Is Japanese a repetitive language?

I just have a general question. To be clear, by repetitive, I mean when having a conversation in Japanese, do the speakers often repeat things? For example: “I found this over here.” “You found something?” “Yes over here.” “Over there?” etc etc. That’s a big of simplification/exaggeration, but do you understand what I mean? I saw somebody said that in a comment under a game defending its dialogue by saying that “it was just translated more directly and that’s how Japanese is.” Ive never heard that before but Im no expert, I really want to know I know that there are some instances of “repetition” (people say full names more often than pronouns I believe) but that’s not necessarily what I was talking about.

6 comments
  1. Yeah, there is some truth to that. I hear that complaint often too when a game or such is translated too directly resulting in unnatural sounding conversations in English. This happens due to [aizuchi](https://en.wikipedia.org/wiki/Aizuchi) or “echo questions” and they exist in basically all languages to some extent, but the degree to which they’re used in Japanese is more than that of English, which is why it sticks out so much when a translation is too direct and does nothing to tone it down.

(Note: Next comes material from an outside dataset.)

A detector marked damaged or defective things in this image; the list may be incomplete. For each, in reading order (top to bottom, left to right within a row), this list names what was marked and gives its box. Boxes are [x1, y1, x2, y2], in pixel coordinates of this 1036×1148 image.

  2. Well, yes and no. It really depends on the situation in my experience, in more formal settings it happens more often, I have seen it happen a lot and unconsciously do it as well in many work-related things.

    I have seen it in many Japanese games as well, so I think the localization for that game in the comment didn’t really adjust the dialogue for the culture, but just translated the original, which is a common thing.

    But in my daily life, the more people get used to me the less it happens, but that that does not account for personality.

    So overall, yes but not always.

  3. Perhaps in part because pronouns and subjects tend to disappear you have to confirm

  4. It is preferable to repeat something to show you understood instead of trying to say “yes” or “no,” because sometimes you could say “no” to a negative thing which makes it more like a “yes.”

    In the simplest cases the verb is repeated.

  5. I wouldn’t characterize the language as being repetitive unto itself. If speakers of the language employ the language in the manner you expressed, that speaks more of the way people employ the language. Bear in mind that the same speakers may simultaneously employ the language’s efficiencies (not repeating the topic, for example).